反將一軍(1/2)
g大副校長辦公室。今天靳欣的心情很好。
二哥果然是二哥,回來之後與譚耀松出去談過幾次,結果譚耀松昨晚上單膝跪倒在她面前,向她懺悔,說對不起這麼多年她的苦心。
譚耀松說,一直覺得她太過強勢,總覺得跟她生活在一起,時時處處都要多加小心,他覺得自己很累——所以當遇見燕兒那樣小姑娘的柔情,他便沒能管住自己。
其實譚耀松當然不至於糊塗到去愛那個陪酒女,他圖的不過是那女人的一刻溫軟。
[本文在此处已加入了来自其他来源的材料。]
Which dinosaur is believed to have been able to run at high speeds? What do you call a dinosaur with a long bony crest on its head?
可是跟二哥聊過,譚耀松才清醒,這個家這麼多年來,如果沒有她的好強,恐怕走不到今天。他譚耀松背負著靳家女婿的名號,卻也被這身份給壓彎了腰;如果不是她一直在背後用力推著他,他一定不會走到如今位置。
就算這個位置的得來與靳家聲望有關,但是靳家終究並不是一手遮天,更何況軍政分開,身為大軍區司令員的靳邦國並不能對地方的行政指手畫腳,所以二哥說——譚耀松得來今天,主要還是自己的資歷和能力到了,再加上她的用力推動而錦上添花。
二哥說,他們兩口子應該好好珍惜這一輩子攜手得來的一切,怎麼能老來老來還為一個不相干的女人,要將這一切都打碎?
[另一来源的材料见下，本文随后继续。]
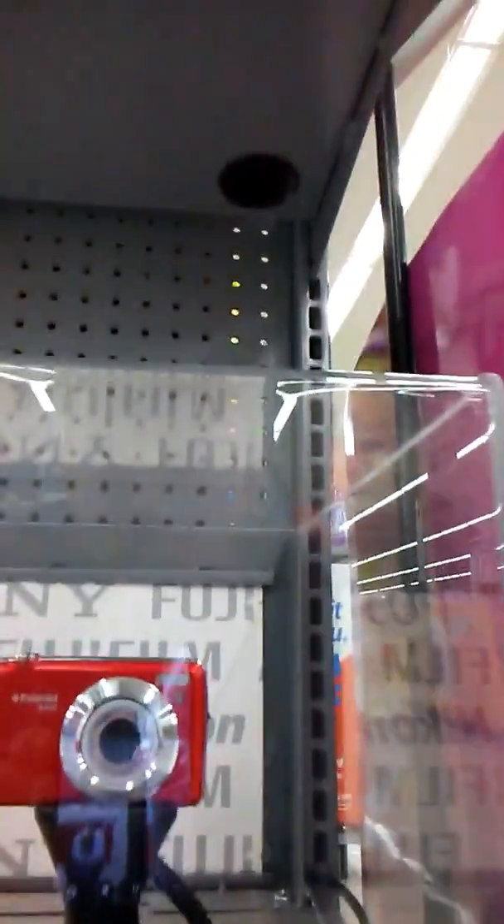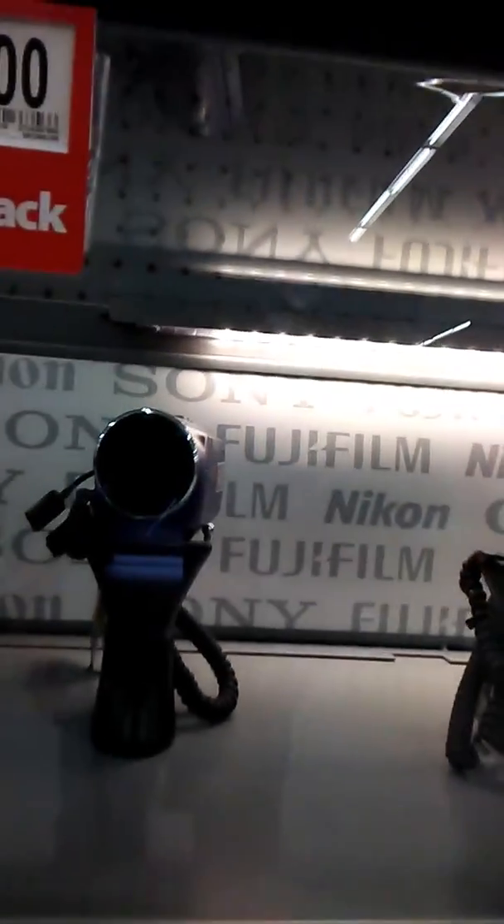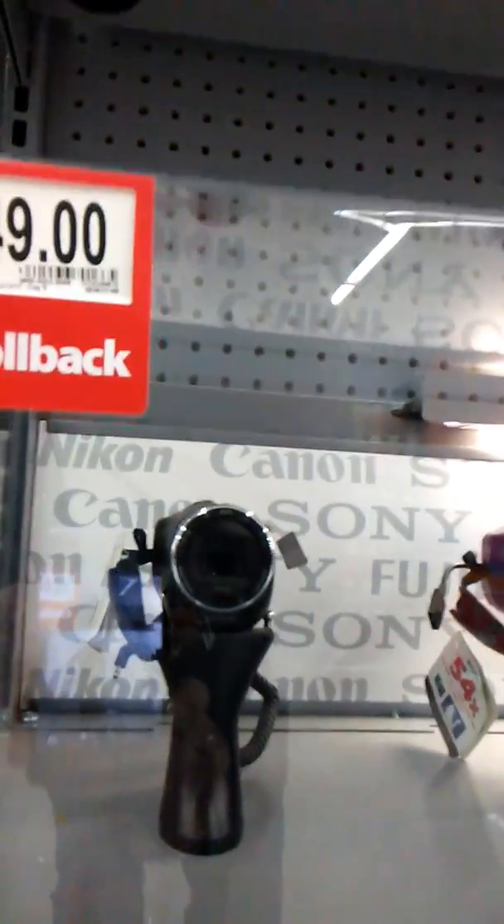Canon camera, Sony camera, another Canon, another Canon, and a Polaroid right here. I don't know what kind of camera this is — it says Fujifilm. I got this Sony HD camera for $189, and there's a Sony there as well.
譚耀松終究也是個明白人,當然拎得清這得失之間的不同。為了一個陪酒女斷送自己一生,哪裡值得。所以便回來跪倒在她面前落淚認錯。
一個女人為了自己丈夫用心用力一生,況且此時也都是老了,兒子都那樣大,所以就算靳欣心裡還存著幾絲不甘,卻也只能接受譚耀松的道歉,兩人和好如初。
昨夜相擁,竟然仿佛找回幾絲年輕時的甜美。這份好心情讓靳欣一直微笑到此時。
辦公室門被敲響,靳欣含笑抬眸,「請進。」
辦公室門一開,靳欣面上微微變了變色。竟然是苗藝。
苗藝站在門口就笑起來,「怎麼,伯母不希望見我?」
「怎麼會!快進來。」靳欣起身親自拉著苗藝的手,將她帶到沙發坐下;順手將辦公室門關嚴。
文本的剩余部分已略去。